◆ **WORK TASK**
Where an entry holds an image, leave the image out; otherwise reproduce the entry exactly.

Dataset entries
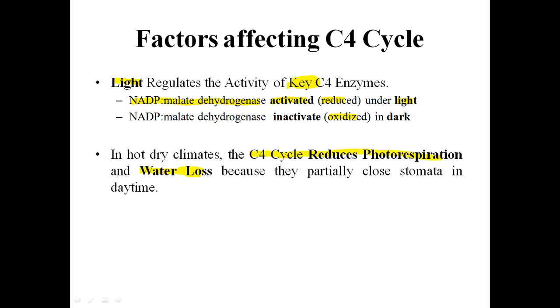Water loss is prevented because the stomata of C4 plants are partially closed during the daytime. This concludes the discussion on the C4 cycle.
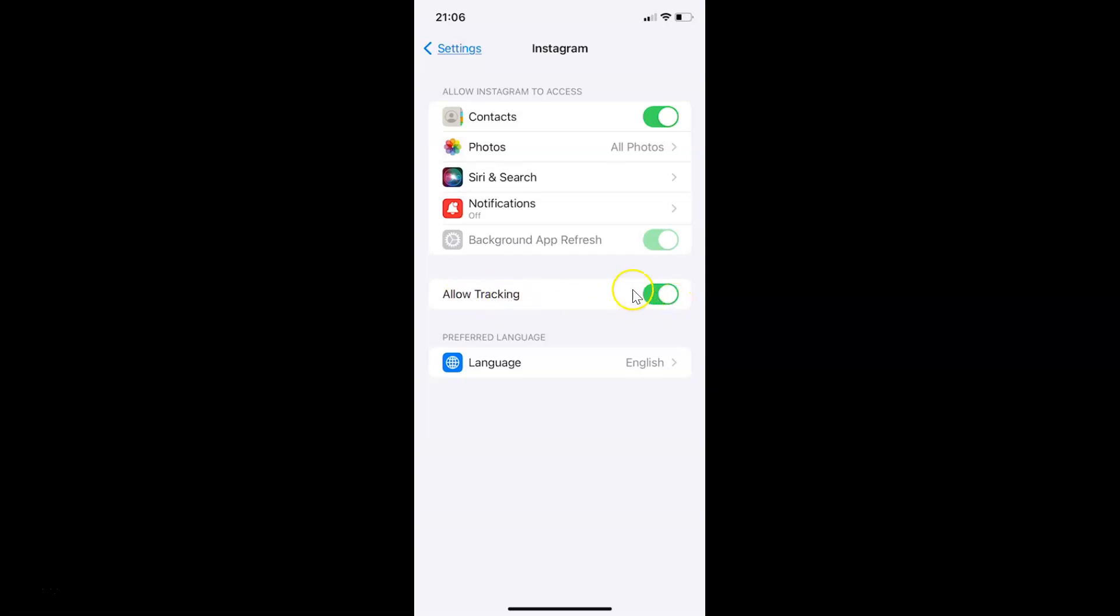To disable this toggle button, you have to tap on it so that the slider moves to the left. Let me show you. Let me tap on it, and you can see guys it's now disabled. It's now done.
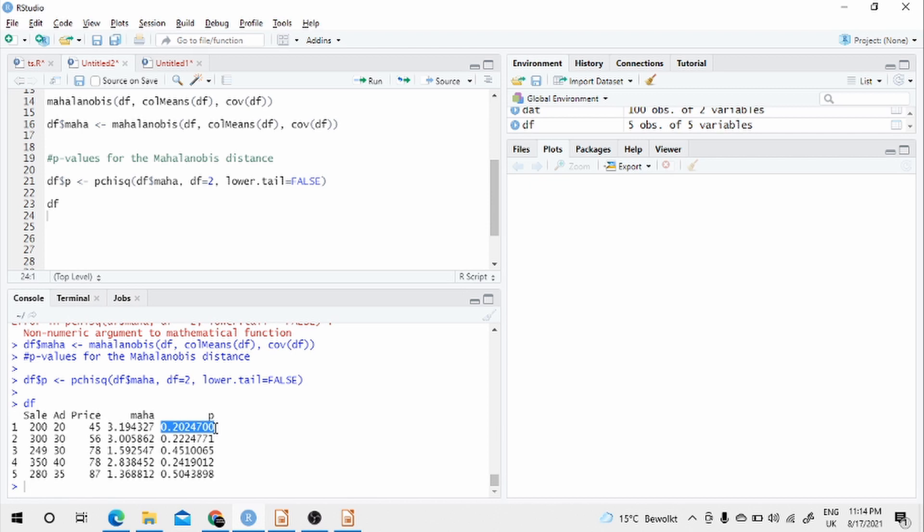So that's one use of Mahalanobis distance. There are other uses. But in most statistical analysis, we use this for outlier detection. It's also used in cluster analysis and analysis where we want to identify observations and classify them. It's also used in anomaly detection and so forth. Thank you.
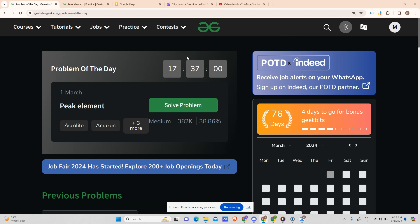Hey guys, welcome back to my channel. Today we will be solving our first math priority problem, that is peak element.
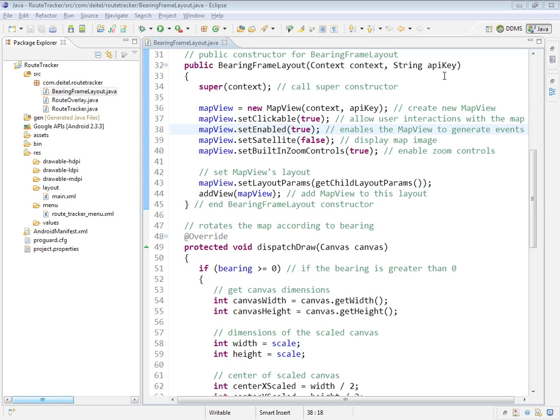And this is important because with Google Maps you have to have your own API key to be able to display the maps within your app. So we're going to be pulling that, as we saw back in the RouteTracker class, from our strings.xml file and passing it into the constructor here.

◆ **RESPONSE TO THE EXERCISE**
Water loss is prevented because the stomata of C4 plants are partially closed during the daytime. This concludes the discussion on the C4 cycle.
To disable this toggle button, you have to tap on it so that the slider moves to the left. Let me show you. Let me tap on it, and you can see guys it's now disabled. It's now done.
So that's one use of Mahalanobis distance. There are other uses. But in most statistical analysis, we use this for outlier detection. It's also used in cluster analysis and analysis where we want to identify observations and classify them. It's also used in anomaly detection and so forth. Thank you.
Hey guys, welcome back to my channel. Today we will be solving our first math priority problem, that is peak element.
And this is important because with Google Maps you have to have your own API key to be able to display the maps within your app. So we're going to be pulling that, as we saw back in the RouteTracker class, from our strings.xml file and passing it into the constructor here.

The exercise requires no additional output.